Mitch Moran said jurors should assume Edgar Ray Killen, 80, who had denied belonging to the white supremacist group, was a member at the time.
Mr Killen, who has pleaded not guilty, is the first person to face murder charges over the killings.
The trial opened on Wednesday in the Mississippi town of Philadelphia.
It is expected to last several weeks.
'God's will'
In his opening statement, defence lawyer Mr Moran told the court that Mr Killen's membership of the Ku Klux Klan did not make his client guilty of murder.
"The Klan's not on trial here. Being a member of the Klan is not on trial here," Mr Moran said.
Mr Moran denied that Mr Killen was a leader in planning the attack on Michael Schwerner, 24, Andy Goodman, 20, and James Chaney, 21.
The trio were murdered as they campaigned to register black voters.
They were abducted and killed during the night as they drove out of Philadelphia, Mississippi, and their bodies were buried at a dam.
Pulpit recruitment
Prosecutor Jim Hood told the jury that Mr Killen organised car-loads of Klansmen who pursued, killed and then buried them.

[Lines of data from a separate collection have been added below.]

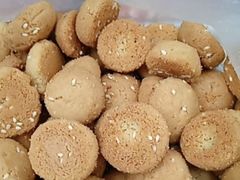 -闻酥园(大慈寺店)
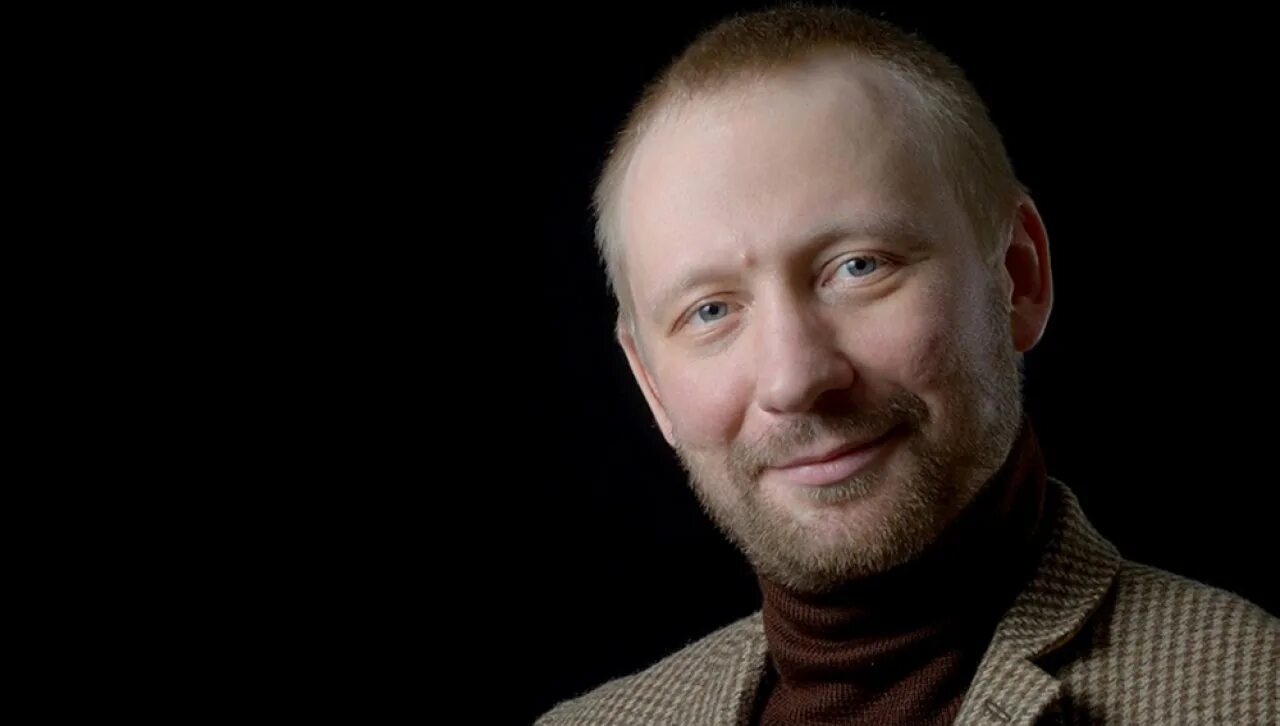 Дмитрий Куличков - актуальная информация
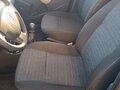 2014 Renault Duster I, коричневый, 900000 рублей - вид 9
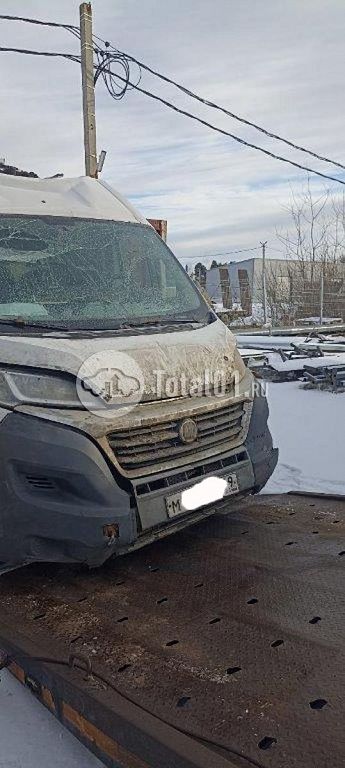 Фото FIAT Ducato 24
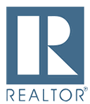 chilliwack realtors
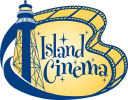 Island Cinema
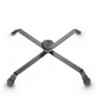 Gravity Floor Stand for Spots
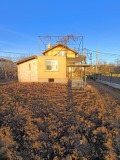 Продава КЪЩА, град Варна, Виница • 176500 € / 345203.99 лв. • 32430375 1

He said the court would hear testimony that Mr Killen, a Baptist minister, and other local preachers used the pulpit to recruit people to the Ku Klux Klan.
"They told them that God sanctions it," he said.
Mr Killen, who was a suspect in the original investigation but never convicted, was re-arrested after new evidence emerged.
The story of the original FBI investigation into the crime was dramatised in the 1988 film Mississippi Burning.